- 450g Tiger Prawns
- 4 tbs Olive Oil
- 1 large Onion
- 1 large Fennel
- 2 chopped Carrots
- 150ml Dry White Wine
- 1 tbs Brandy
- 400g Chopped Tomatoes
- 1L Fish Stock
- 2 pinches Paprika
- 150ml Double Cream
- 8 Prawns
Shell the prawns, then fry the shells in the oil in a large pan for about 5 mins.
Add the onion, fennel and carrots and cook for about 10 mins until the veg start to soften.
Pour in the wine and brandy, bubble hard for about 1 min to drive off the alcohol, then add the tomatoes, stock and paprika.

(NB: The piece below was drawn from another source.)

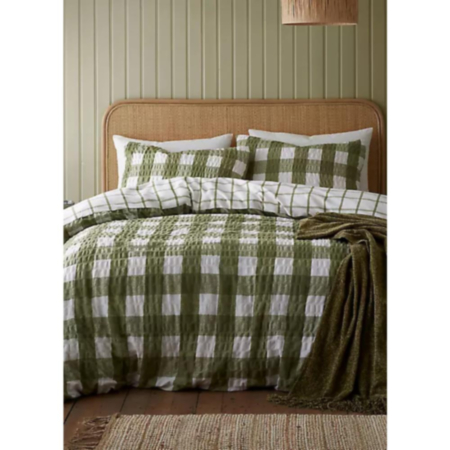 Catherine Lansfield Seersucker Gingham Check - Single Duvet Cover Set 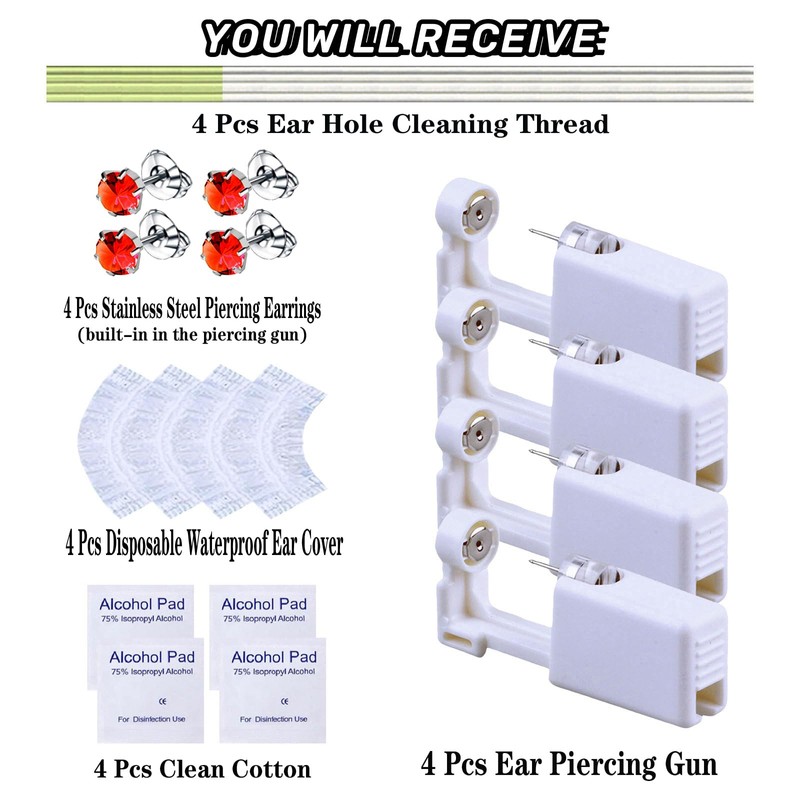 20 Pcs Ear Piercing Kit, Disposable Ear Piercing Gun Kit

Cover and simmer for 30 mins.
Meanwhile, chop the prawns.
Blitz the soup as finely as you can with a stick blender or food processor, then press through a sieve into a bowl.
Spend a bit of time really working the mixture through the sieve as this will give the soup its velvety texture.
Tip back into a clean pan, add the prawns and cook for 10 mins, then blitz again until smooth.
You can make and chill this a day ahead or freeze it for 1 month.
Thaw ovenight in the fridge.
To serve, gently reheat in a pan with the cream.
If garnishing, cook the 8 prawns in a little butter.
Spoon into small bowls and top with the prawns and snipped fennel fronds.